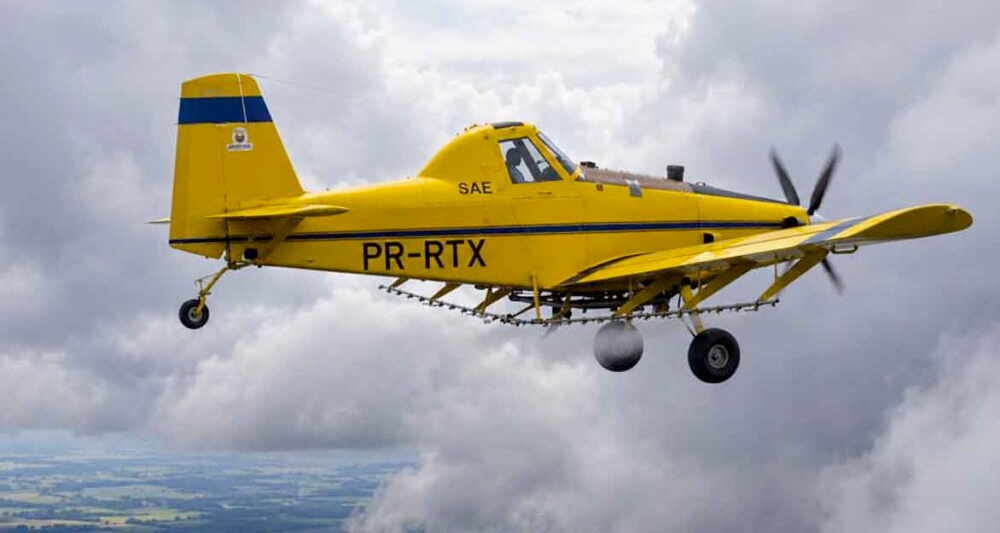 Avião agrícola realiza pulverização em lavoura após Goiás reconhecer atividade como de relevante interesse econômico.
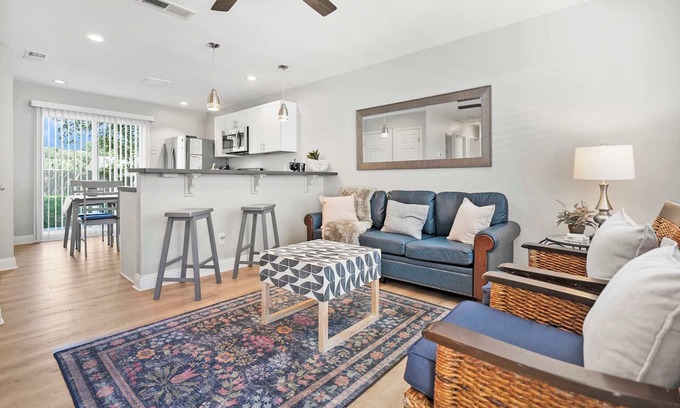 St. Augustine Cottage | Just North of Downtown, Fenced Yard, BBQ, Patio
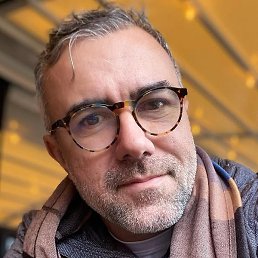 ������, ������� ��������, 52 ����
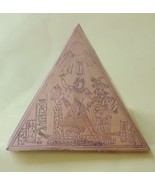 Egyptian pyramid hieroglyph. - $5,592.78 MXN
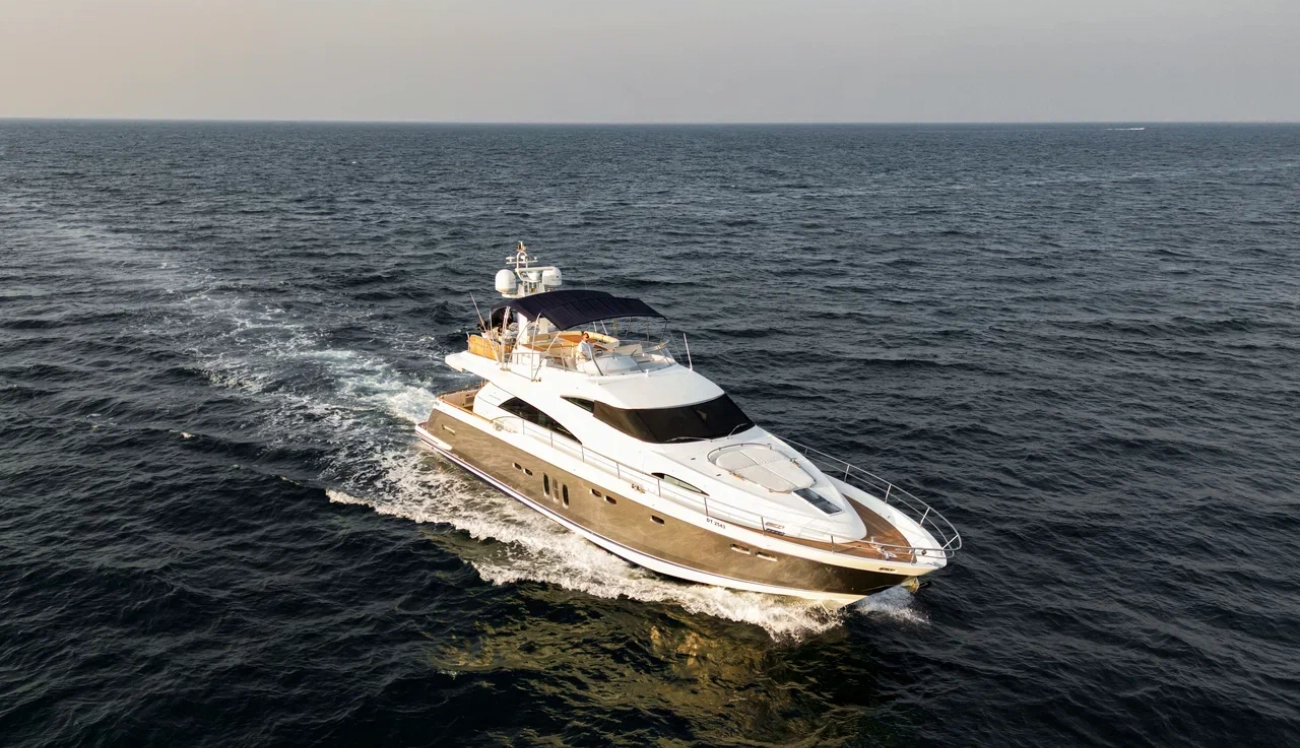 Yacht Fairline 68 "VAL"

#### What the task asks:
Please print the span that begins at the line holding "St. Augustine Cottage" and ends at the last line of the data, both ends included, with no pictures.

#### Result of this exercise:
 St. Augustine Cottage | Just North of Downtown, Fenced Yard, BBQ, Patio
 ������, ������� ��������, 52 ����
 Egyptian pyramid hieroglyph. - $5,592.78 MXN
 Yacht Fairline 68 "VAL"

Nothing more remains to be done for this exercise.